7 September 2017 By Northern Lights
The expulsion of Bell Pottinger from the PRCA looks like it will have grave consequences for the firm, and made the rest of the PR industry stop and think.
The trade body has been clear; the company’s work with Oakbay Investments in South Africa has breached the PRCA professional charter and the public affairs and lobbying code of conduct.
In the wake of the scandal, Lord Bell has allegedly been forced out, and Chief Executive James Henderson resigned at the weekend. The company has apologised in a statement but investors are handing back their stakes, and the company is essentially “up for sale”.
Bell Pottinger has been one of the biggest names in UK communications for decades, and its reputation is now in tatters. In a Newsnight interview, Lord Bell said that it was “almost certainly curtains” for the firm.
With our industry under the spotlight, what can communications learn from this story?
Bell Pottinger signed a lucrative £100,000 a month contract with Oakbay Investments, owned by the Guptas, a wealthy South African family with links to South African President Jacob Zuma. According to The Guardian, the campaign aimed, “to be along the lines of economic emancipation of whatever” with a “narrative that grabs the attention of the grassroots population who must identify with it, connect with it and feel united by it”.

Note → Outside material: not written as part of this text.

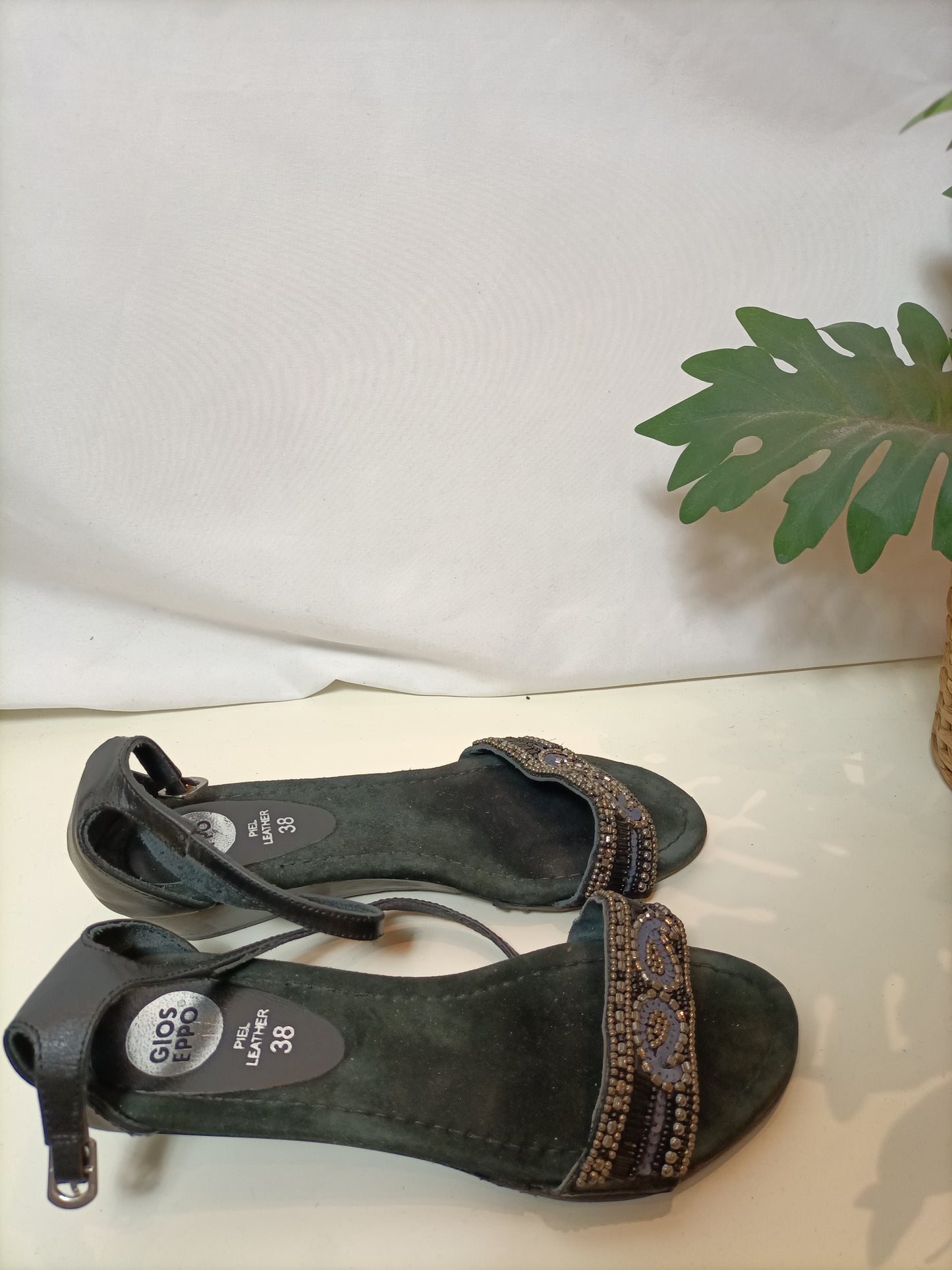 GIOSEPO. Sandalias piel abalorios T.38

Bell Pottinger developed this into a campaign around the idea of “economic apartheid” and “white monopoly capitalism” – using media including blogs and twitter to target wealthy white South Africans and perceived enemies of the Gupta family.

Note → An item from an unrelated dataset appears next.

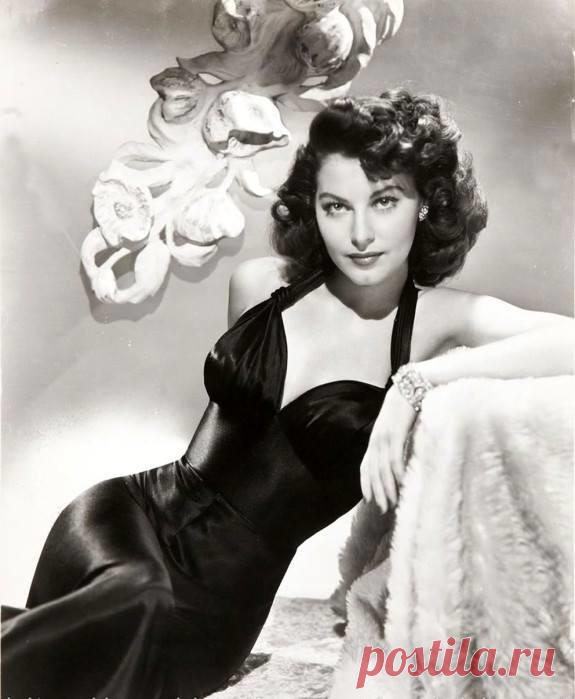 Что человек о себе думает - так и сложится в итоге его жизнь.

 Это залог счастья или несчастья - то, что человек о себе думает. А думает он обычно то, что в детстве о нем говорили взрослые, от которых он зависел. Ребенок до семи лет верит всему, что говорят взрослые. Так уж дети устроены.Ава Гарднер была так красива, что взгляд не отвести. Она была само совершенство. Нет слов, чтобы описать ее невероятную красоту. И актрисой она была отличной - сыграла во многих фильмах. ...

Whether this was to draw attention away from the Gupta family, who have been accused of benefiting from links to President Jacob Zuma, is still being investigated in South Africa. However, the Democratic Alliance in South Africa referred the case to the PRCA on the basis that the campaign stoked racial tensions. Francis Ingham of the PRCA detailed the allegations and how the PRCA would judge Bell Pottinger in an interview on Radio 4.
Michael Skapinker in The Telegraph argues that there are three lessons that communication companies can learn from the case
Lord Bell resigned from the company he founded last year. He cited ill health in his Newsnight interview – though there are stories that he was forced out.
However, he also played a leading role in securing the Oakbay contract and has shaped the organisation since 1987. It did not just “turn bad” last year.
Business leaders need to reflect on the example they set – Are ethical business practices a core value? How is that communicated to the workforce and how can business leaders reinforce the message? Most importantly, what processes are in place for employees to flag up when something has gone wrong? Bell Pottinger says it is putting in place better “whistleblower” systems – but this should be the norm in any organisation from day one, not just an afterthought in the wake of an enormous international scandal.
Bell Pottinger has courted controversy with clients in the past – working with Augusto Pinochet, Asma Assad and repressive regimes in countries like Belarus.
It is legitimate to work with controversial clients – Lord Bell said in 2014 that “everyone is entitled to put their point of view across,” but there are limits, and as Skapinker says, you do not need an expensive PR firm to do that. Nor does the argument justify unethical practices or the stoking or racial tensions.
Moreover, as Skapinker summarises “a client’s dirt can stick to a PR consultant”. Bell Pottinger’s team wrote those offensive tweets and blog posts with full knowledge of what they were doing. They produced aggressive and potentially criminal copy and should be held to account.
The original revelations about the relationship between Bell Pottinger, the Gupta family and their campaign came to light in a leak of 100,000 emails known as “GuptaLeaks”.
Among the emails were suggestions by Bell Pottinger that Oakbay doctor its Wikipedia page to show itself in a better light. They also demonstrate that the firm was behind the #whitemonopolycapital hashtag and set out to portray the Gupta family as victims working to overcome the unfair advantage of white South Africans.
The lesson here is that in the digital age, whatever can come out, will come out eventually. With this in mind, it is even more important than ever that ethical practices run through the core of everything communications professionals do and that they can comfortably justify their ideas publicly if needed.
What other lessons should the communications industry be aware of and what best practice examples could have prevented this scandal from happening in the first place?